**Exercise instructions**. In the listing below, find the line with "Victoria's‎ Secret Floral" and the line with "Set of brass". Repeat those two lines and all lines between them exactly.

[[ Given information open ]]

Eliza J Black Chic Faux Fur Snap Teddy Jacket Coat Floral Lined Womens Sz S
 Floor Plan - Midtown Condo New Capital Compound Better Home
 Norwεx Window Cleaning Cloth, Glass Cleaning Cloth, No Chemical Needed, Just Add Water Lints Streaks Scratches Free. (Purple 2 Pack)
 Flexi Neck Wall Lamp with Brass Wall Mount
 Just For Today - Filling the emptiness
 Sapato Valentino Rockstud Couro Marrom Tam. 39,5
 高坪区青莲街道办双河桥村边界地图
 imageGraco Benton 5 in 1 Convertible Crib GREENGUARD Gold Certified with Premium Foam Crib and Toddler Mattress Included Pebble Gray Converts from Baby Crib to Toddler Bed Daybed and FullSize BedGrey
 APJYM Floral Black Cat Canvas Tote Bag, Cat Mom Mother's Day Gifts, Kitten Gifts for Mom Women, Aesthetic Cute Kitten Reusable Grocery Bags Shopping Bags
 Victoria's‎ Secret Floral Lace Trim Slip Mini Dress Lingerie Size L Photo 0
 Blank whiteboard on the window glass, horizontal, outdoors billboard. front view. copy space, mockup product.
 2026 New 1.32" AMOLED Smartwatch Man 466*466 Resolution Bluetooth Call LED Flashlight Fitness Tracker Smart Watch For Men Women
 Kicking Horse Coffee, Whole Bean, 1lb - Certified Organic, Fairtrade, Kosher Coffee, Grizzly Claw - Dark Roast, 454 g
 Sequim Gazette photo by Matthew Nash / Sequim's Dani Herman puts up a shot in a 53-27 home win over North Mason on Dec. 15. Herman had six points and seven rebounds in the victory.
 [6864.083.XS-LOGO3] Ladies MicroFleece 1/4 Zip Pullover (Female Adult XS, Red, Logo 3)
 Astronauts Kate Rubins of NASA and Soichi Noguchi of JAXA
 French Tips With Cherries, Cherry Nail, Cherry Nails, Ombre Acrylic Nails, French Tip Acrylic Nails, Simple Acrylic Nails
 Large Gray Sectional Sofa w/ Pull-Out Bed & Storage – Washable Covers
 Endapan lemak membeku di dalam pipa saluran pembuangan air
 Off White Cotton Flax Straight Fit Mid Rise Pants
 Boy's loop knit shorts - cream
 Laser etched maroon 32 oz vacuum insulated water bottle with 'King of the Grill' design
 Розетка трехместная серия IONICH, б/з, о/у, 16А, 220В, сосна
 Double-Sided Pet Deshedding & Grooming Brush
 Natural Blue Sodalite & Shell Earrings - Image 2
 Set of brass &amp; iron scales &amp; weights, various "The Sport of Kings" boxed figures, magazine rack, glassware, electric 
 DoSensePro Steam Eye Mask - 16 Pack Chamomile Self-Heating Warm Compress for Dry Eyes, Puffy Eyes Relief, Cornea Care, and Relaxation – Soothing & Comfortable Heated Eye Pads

[[ Given information closed ]]

**Exercise solution**.
 Victoria's‎ Secret Floral Lace Trim Slip Mini Dress Lingerie Size L Photo 0
 Blank whiteboard on the window glass, horizontal, outdoors billboard. front view. copy space, mockup product.
 2026 New 1.32" AMOLED Smartwatch Man 466*466 Resolution Bluetooth Call LED Flashlight Fitness Tracker Smart Watch For Men Women
 Kicking Horse Coffee, Whole Bean, 1lb - Certified Organic, Fairtrade, Kosher Coffee, Grizzly Claw - Dark Roast, 454 g
 Sequim Gazette photo by Matthew Nash / Sequim's Dani Herman puts up a shot in a 53-27 home win over North Mason on Dec. 15. Herman had six points and seven rebounds in the victory.
 [6864.083.XS-LOGO3] Ladies MicroFleece 1/4 Zip Pullover (Female Adult XS, Red, Logo 3)
 Astronauts Kate Rubins of NASA and Soichi Noguchi of JAXA
 French Tips With Cherries, Cherry Nail, Cherry Nails, Ombre Acrylic Nails, French Tip Acrylic Nails, Simple Acrylic Nails
 Large Gray Sectional Sofa w/ Pull-Out Bed & Storage – Washable Covers
 Endapan lemak membeku di dalam pipa saluran pembuangan air
 Off White Cotton Flax Straight Fit Mid Rise Pants
 Boy's loop knit shorts - cream
 Laser etched maroon 32 oz vacuum insulated water bottle with 'King of the Grill' design
 Розетка трехместная серия IONICH, б/з, о/у, 16А, 220В, сосна
 Double-Sided Pet Deshedding & Grooming Brush
 Natural Blue Sodalite & Shell Earrings - Image 2
 Set of brass &amp; iron scales &amp; weights, various "The Sport of Kings" boxed figures, magazine rack, glassware, electric 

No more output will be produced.